Dès lors, le surtravail humain et non humain d’une part et la monoculture de l’autre, deux régimes de production intensive, mettent en burn-out – soit hors capacité d’agir – tantôt le sol, tantôt l’humain, en les poussant à se surpasser jusqu’à perdre l’amour, le respect et la dignité d’eux-mêmes. Compte tenu de la brutalité des systèmes d’asservissement capitalistes mis en place, il n’y a pas ou peu d’horizon d’épanouissement qualitatif des modes de vie, des habitudes, ou des singularités de chacun et de chacune. Les politiques de réaménagement urbain impliquant la destruction de bâtiments et de modes de vie croissent sans véritable contrepoint, en raison de l’incapacité et du manque d’imagination des classes dirigeantes et des politiques. La société numérique dans laquelle nous sommes plongés n’arrange rien. Bien au contraire, elle nous mène vers une «stérilisation de la culture collective» (Anne Alombert, 2024).

Il est toujours possible de modifier une situation, mais il faudra pour cela un sursaut, un éveil, une bifurcation profonde de nos habitudes quotidiennes. Ce changement sera le fruit d’un grand effort, d’une attention, d’un soin paradigmatique. Il ne viendra pas des redondances axées sur le profit à court terme. D’ores et déjà, au cœur même de cet asservissement, c’est donc à nos habitudes quotidiennes qu’il faut prêter toute notre attention. En effet, si ces habitudes nous permettent de construire notre vie au jour le jour, ce sont aussi elles qui nous empêchent également de sentir, de saisir et de penser à ce que nous faisons, et où nous marchons, à la hauteur des problèmes posés.

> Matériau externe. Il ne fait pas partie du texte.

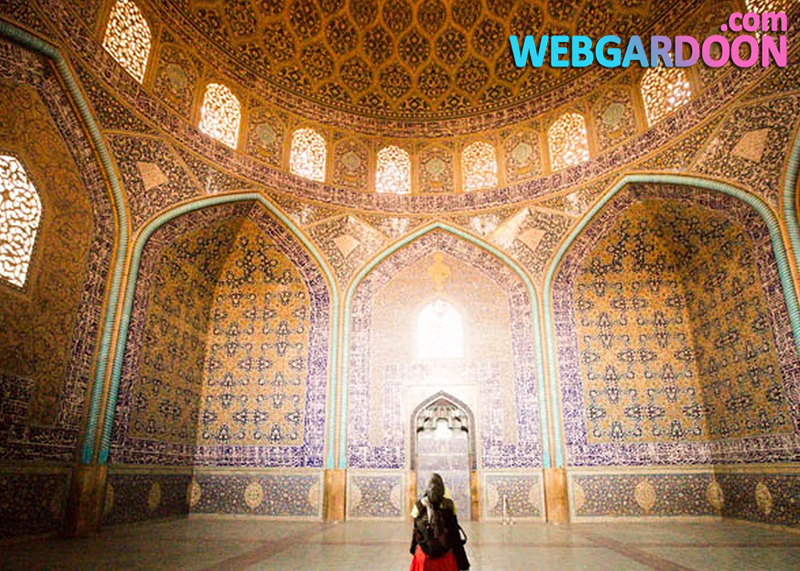 زیباترین مسجدهای ایرانی که عاشقشان میشوید!,وبگردون,مجله اینترنتی وبگردون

Cet éveil des habitudes doit s’accompagner d’actes concrets, matériels et situés: des «gestes mineurs» (Erin Manning, 2023) issus de l’imagination et de la créativité pratique de chacun·e. De nouvelles habitudes quotidiennes doivent impérieusement être adoptées, ici et maintenant, afin de répondre aux besoins de soin de nos proches et de notre environnement quotidien, dans la joie et la créativité du dépassement des idées toutes faites.

L’auteur est consultant psychosocial, ancien directeur du centre Le Racard et fondateur du Dracar à Genève.